Post-Mortem: Euler Liquidation Vulnerability
A review of the ~$197,000,000 Euler Finance vulnerability on 03/13/2023 as well as our response at Swivel.
At 08:51 UTC on March 13th, Euler Finance suffered from the exploit of a severe vulnerability, leaving their protocol insolvent with a shortfall of roughly $197.3m.
This shortfall includes roughly $1m of USDC that had been deposited through Swivel’s Euler USDC fixed-rate integration.
The Vulnerability
Unlike other lending market shortfalls of this scale, this vulnerability was the result of mechanisms unique to Euler – fee donations and liquidation bonuses.
donateToReserves
The core vulnerability relates to a relatively superfluous method added in eIP 14 — `donateToReserves`:
This method allows a user to, as is implied, donate some of their eTokens in order to clear dust or otherwise pay a voluntary fee to the Euler reserves.

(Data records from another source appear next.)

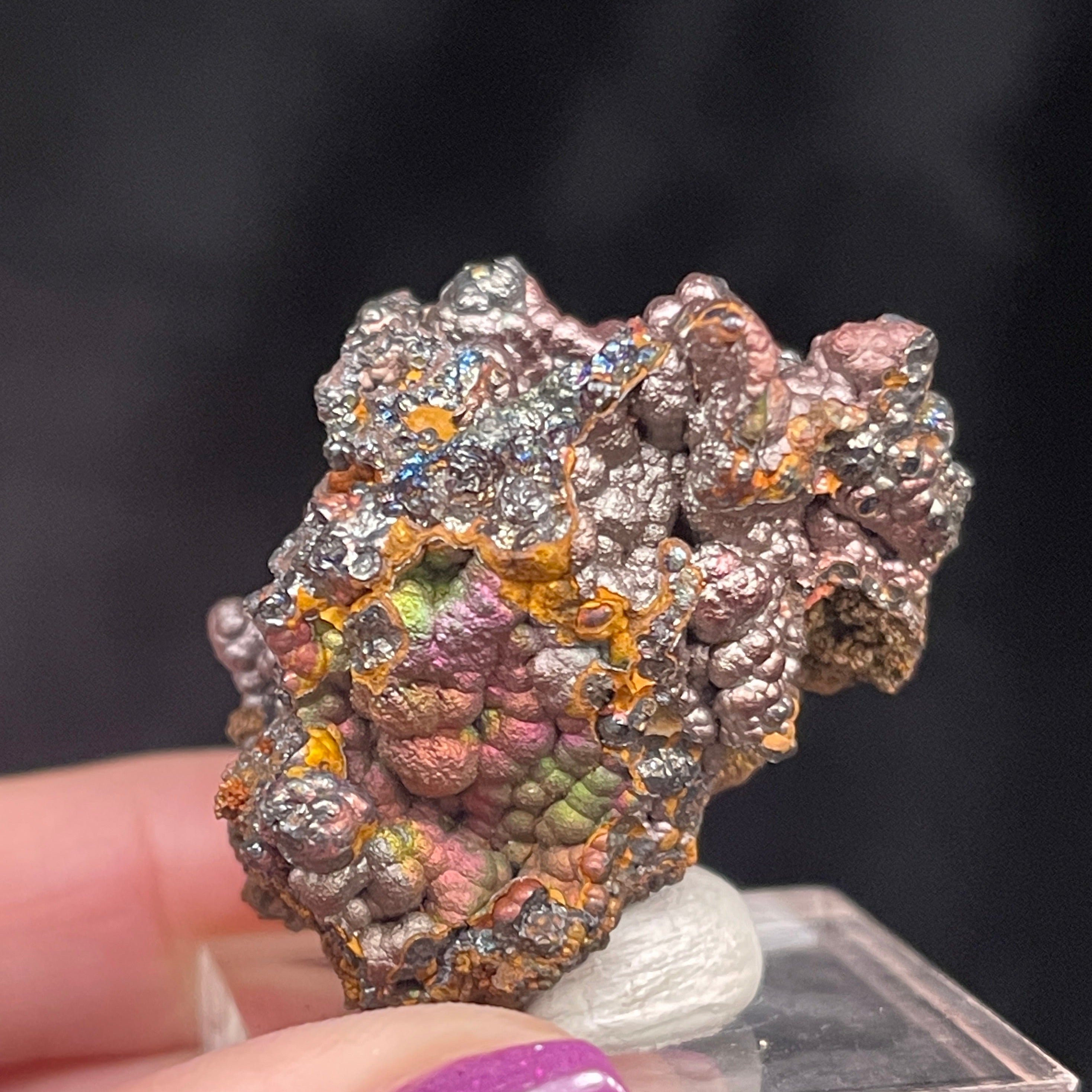 Botryoidal formed Hematite and Goethite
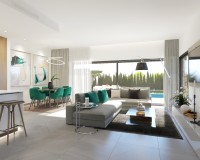 Nieuwbouw Woningen - detached - San Miguel de Salinas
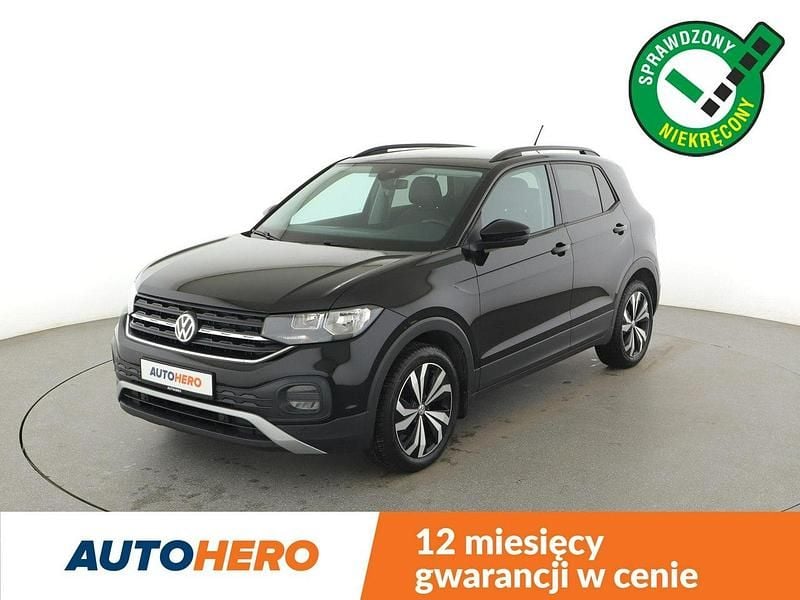 Czarny Używany 2019 VW T-Cross SUV | 60 600 zł (Dość drogi) - Obraz 1/3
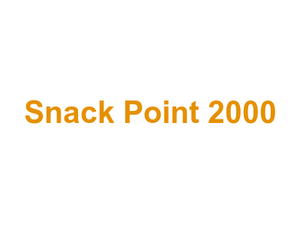 Snack Point 2000 Logo
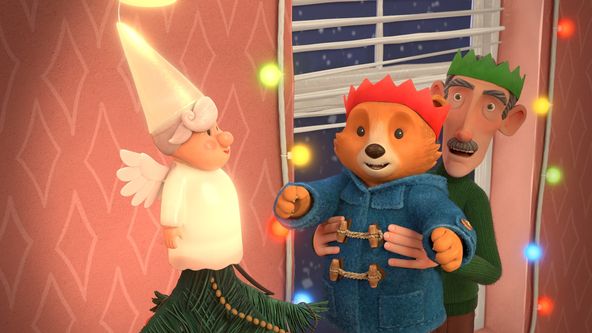 Dobrodružství medvídka Paddingtona - vánoční speciál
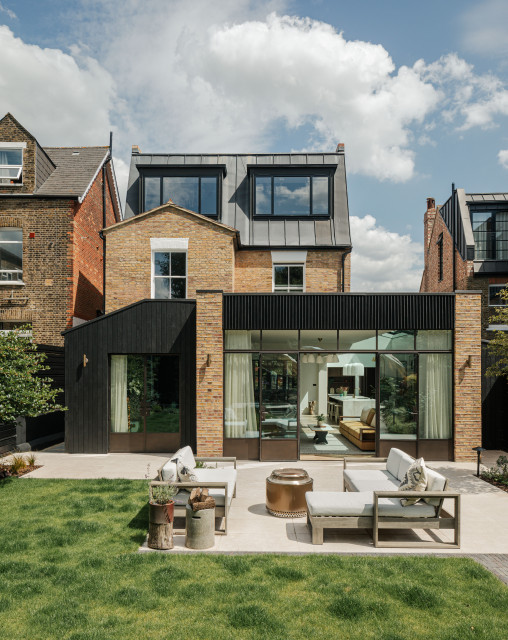 Goldsmith Project, London trendy-hus-og-facade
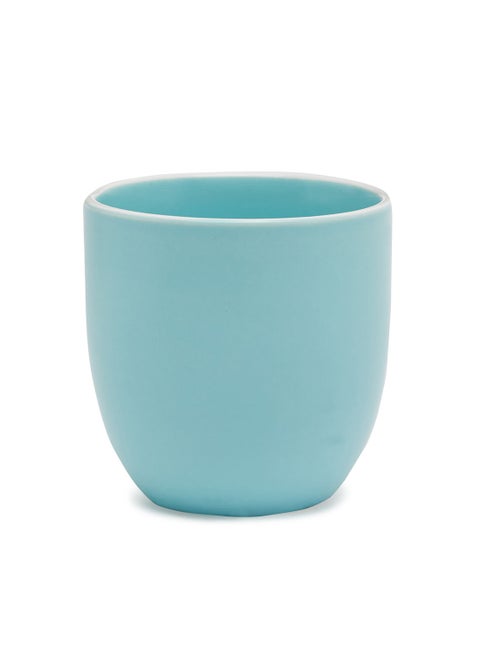 Pastel Stoneware Cup 225Ml Blue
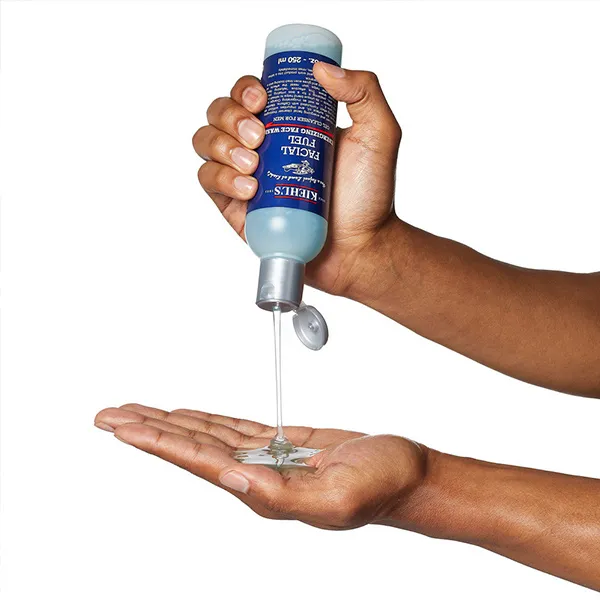 Гель для умывания Kiehl's — Очищающий гель для лица для мужчин Facial Fuel Energizing Face Wash, 250 мл — фото 3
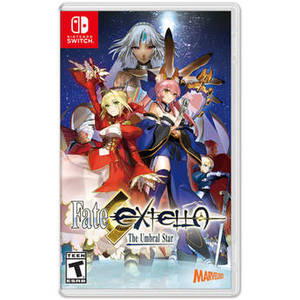 Fate/EXTELLA: The Umbral Star (Nintendo Switch) Product Image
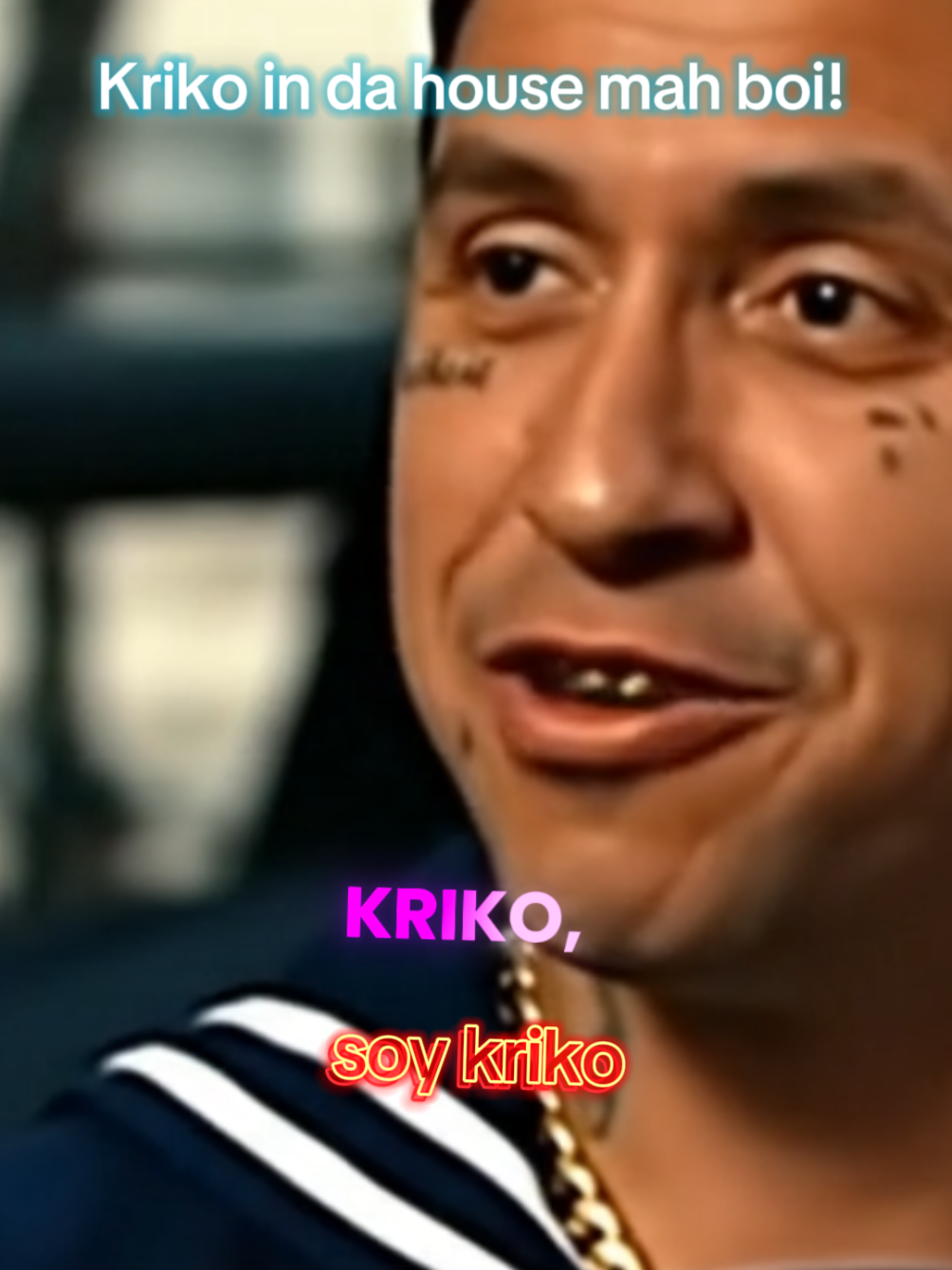 kriko in da house mah boi! estoy aqui en la casa! #kriko  #theneighborhood9  #kriko9  #humor #paratii   Al-generated character. Not the real actor.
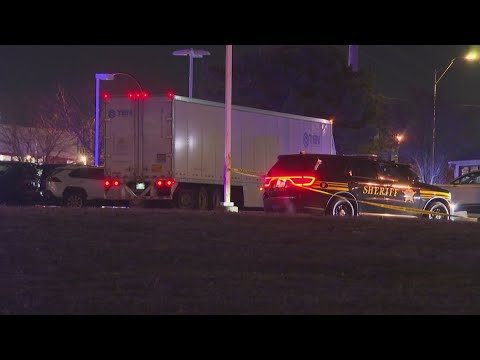 Police shoot semi-truck driver in Akron after several cruiser collisions; officer suffers broken leg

For additional context, as a general heuristic Euler allows users to take on an unsustainable position within a transaction so long as it is resolved atomically (similar to a flash loan).
In this case, an attacker was able to create significant eToken and dToken positions (supply / debt positions) without triggering any protocol fail-safes -- which in and of itself does not represent a security issue.
However… the `donateToReserves` method has no checks on a user’s debt, allowing a user to “donate” their significant eToken balance and leave a large amount of “debt” to the protocol.
Liquidation Bonuses
At this point, a user may have a large debt position that is not necessarily “real.”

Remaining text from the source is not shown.